3. The system of claim 1, wherein identify the negative space comprises: obtain pre-defined thresholds for identifying blank spaces in one or more images; and analyze the image data based on the pre-defined threshold to identify the negative space.
4. The system of claim 1, wherein the instructions that when executed by the at least one processor further cause the system to: tag the subjects in the one or more images; operate an autonomous driving system to based at least in part on the tagged subject.
5. One or more non-transitory computer-readable media comprising instructions that when executed by a computing system cause the computing system to:
receive image data associated with an environment;
determine light variations data associated with the environment;
analyzes light variations data to identify one or more shadows in the environment;
process the image data to identify one or more objects corresponding to the one or more shadows in the environment; and
analyze the one or more shadows to predict movements of the one or more objects.
6. The one or more non-transitory computer-readable media of claim 5, wherein the instructions, when executed by the computing system, cause the computing system to:
determine categories of light sources; and
classify and sort the light variations data based on the categories of light sources.
7. The one or more non-transitory computer-readable media of claim 5, wherein the instructions, when executed by the computing system, cause the computing system to:
define categories of energy strengths of light differences based at least in part in the image data; and
classify and sort variations in energy strengths of light differences in the image data
8. The one or more non-transitory computer-readable media of claim 5, wherein the instructions, when executed by the computing system, cause the computing system to:
obtain data associated with the one or more objects' attributes; and
classify light shapes and variations based at least in part on the one or more objects' attributes.
9. The one or more non-transitory computer-readable media of claim 8, wherein the one or more objects' attributes comprise one or more of: a form, a structure, and an object's ability to remain mobile.
10. The one or more non-transitory computer-readable media of claim 5, wherein the one or more shadows comprises stationary cast shadows and non-stationary cast shadows.
11. The one or more non-transitory computer-readable media of claim 5, wherein to identify one or more objects further cause the computing system to: determine negative space in the image data and identify the one or more objects based on the negative space in the image data.
12. A method comprising:
receiving image data associated with an environment;
determining light variations data associated with the environment;
analyzing light variations data to identify one or more shadows in the environment;
processing the image data to identify one or more objects corresponding to the one or more shadows in the environment; and
analyzing the one or more shadows to predict movements of the one or more objects.
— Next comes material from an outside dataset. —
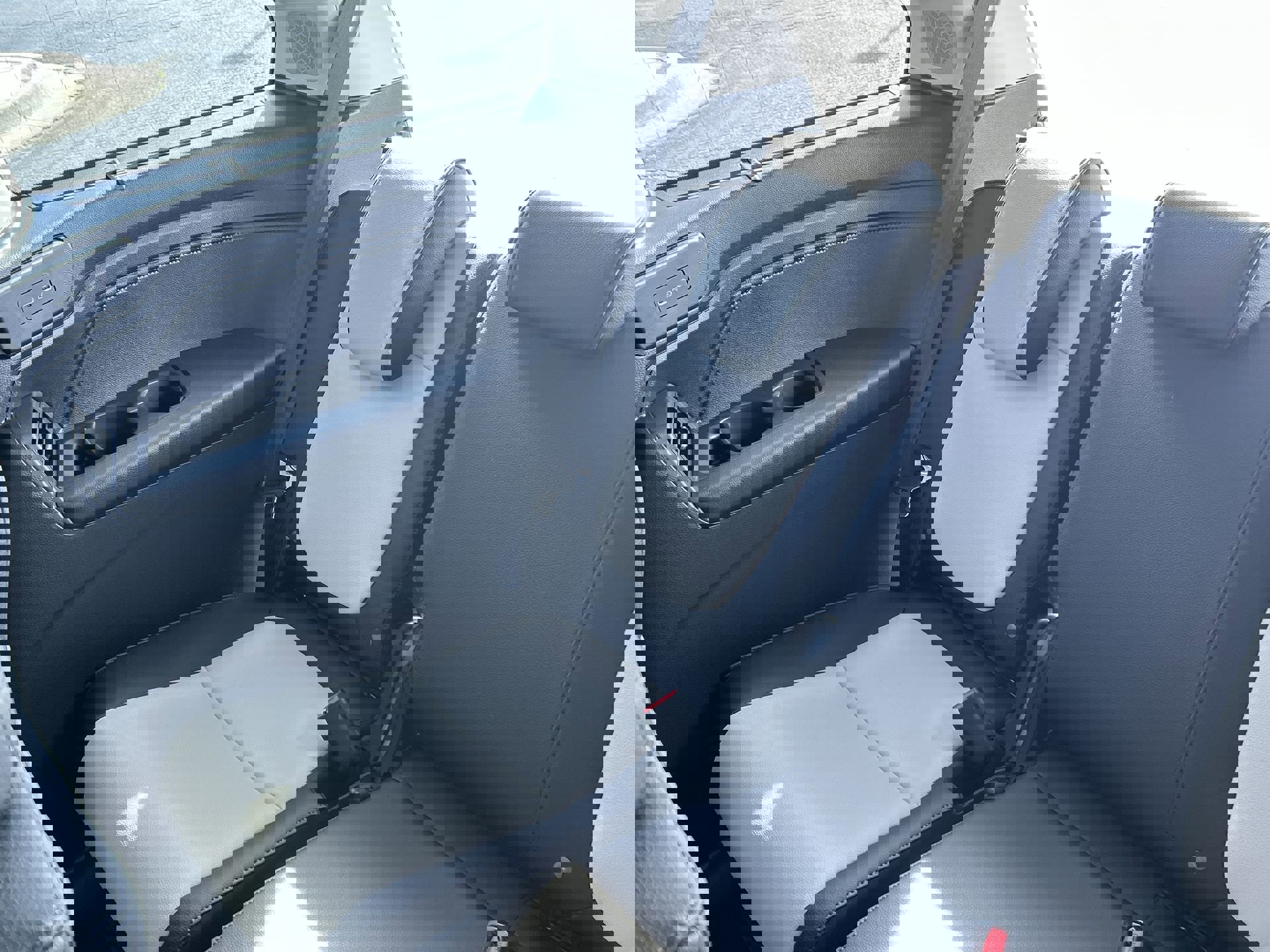 2026 Honda Odyssey Elite photo 23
13. The method of claim 12, further comprises:
determining categories of light sources; and
classifying and sorting the light variations data based on the categories of light sources.
14. The method of claim 12, further comprises:
defining categories of energy strengths of light differences based at least in part in the image data; and
classifying and sorting variations in energy strengths of light differences in the image data.
15. The method of claim 12, further comprises:
obtaining data associated with the one or more objects' attributes; and
classifying light shapes and variations based at least in part on the one or more objects' attributes.
16. The method of claim 14, wherein the one or more objects' attributes comprise one or more of: a form, a structure, and an object's ability to remain mobile.
17. The method of claim 12, wherein the one or more shadows comprises stationary cast shadows and non-stationary cast shadows.
18. The method of claim 12, where to identify one or more objects comprises: determining negative space in the image data and identifying the one or more objects based on the negative space in the image data.